= Sveinung Svalastoga =

Norwegian rose painter, poet and woodcarver

Sveinung Bjørnson Svalastoga (1772–1809) was a Norwegian rose painter, poet, and woodcarver.

==Biography==
Sveinung Bjørnson Svalastoga was born in Rauland prestegjeld (now part of Vinje Municipality) in Telemark County. He was the son of Bjørn Bjørnson Gardsjord (1731-1782) and Ingebjørg Rikardsdotter Svalastoga (1730-1776). He was born at Svalastoga, one of the area's oldest farms.

Sveinung Svalastoga painted living room interiors, cupboards, chests, and bowls with powerful and colorful designs, often randomly placed. Many of his works have been retained, both room decorations as well as smaller objects like chests and cupboards. He was also known for the mystical figures he cut and carved from twisted mountain pines, such as a mystical woman and her man, and a fairy tale princess set up at the corner of the storehouse.

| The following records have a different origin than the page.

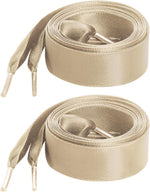 Marrywindix 2 Pairs 47" Flat Satin Ribbon Shoelaces Silk Shoestring Wide Shoe Laces for Sneaker Skate Shoes Boots Sport Shoes - Image 12
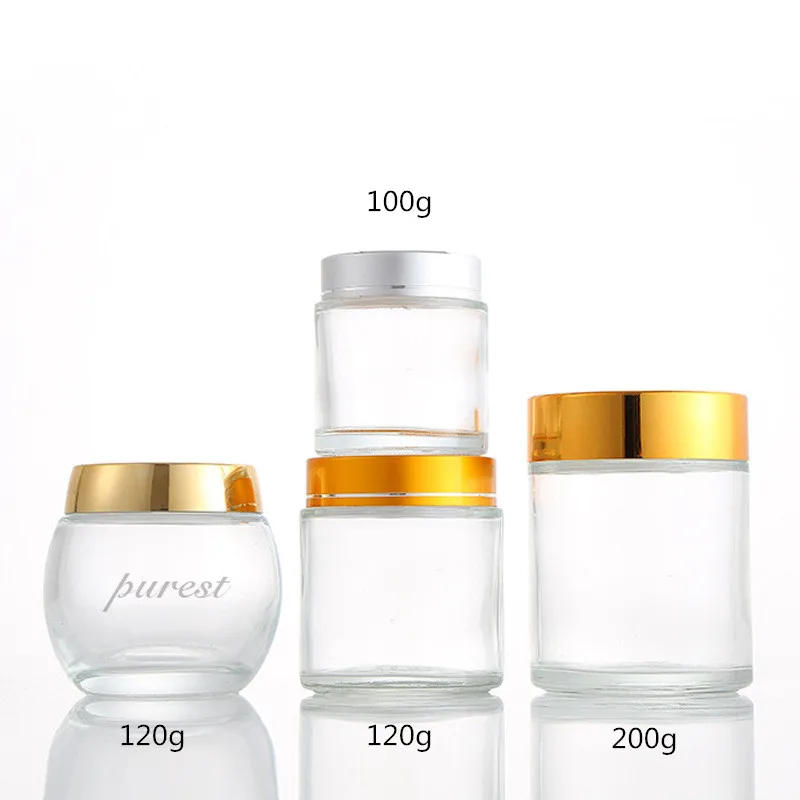 

Beauty Cosmetic Empty 100g 120g 200g Clear Glass Cream Jars with Gold or Silver Lids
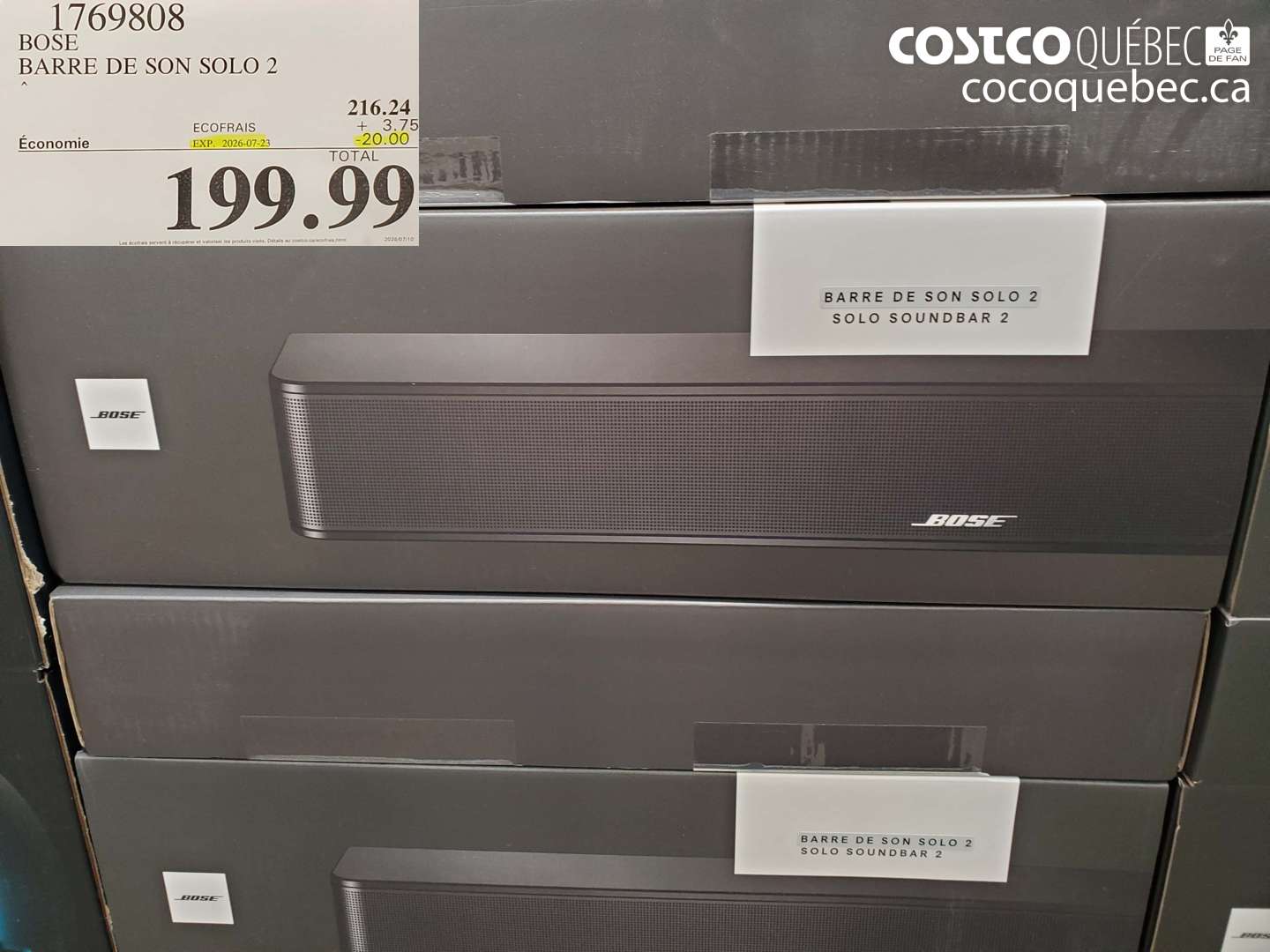 1769808 BOSE BARRE DE SON SOLO 2 ($20.00 INSTANT SAVINGS EXPIRES ON 2026-07-23) $199.99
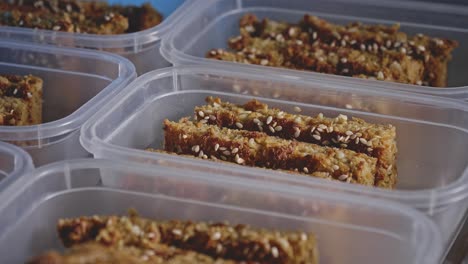 Baked Snack Bars Made Of Mix Shredded Veggies Place On Container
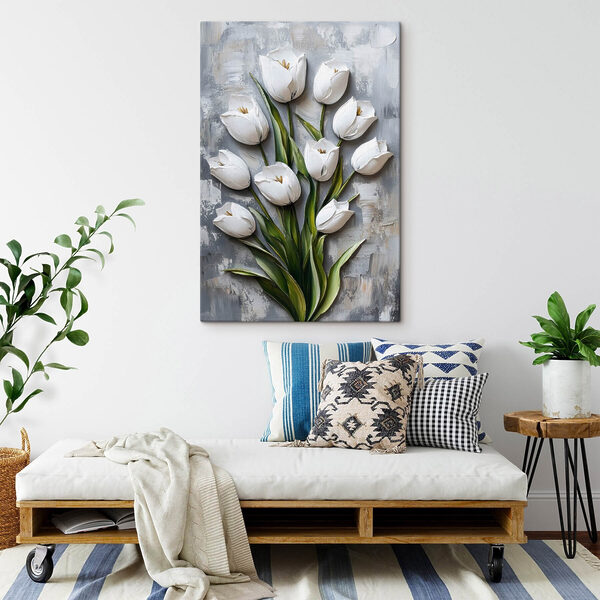 Malba bílých tulipánů Malba bílých tulipánů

In addition, he often painted figures, especially biblical and mythological, with a naive touch.

Svalastoga probably had two working winters in Numedal, first 1801-1802 and then 1806–07. A major work is the living room interior at Nordigard Berdal in Vinje from 1802. In 1803, he also painted the altarpiece of the new Rauland Church (Rauland kyrkje).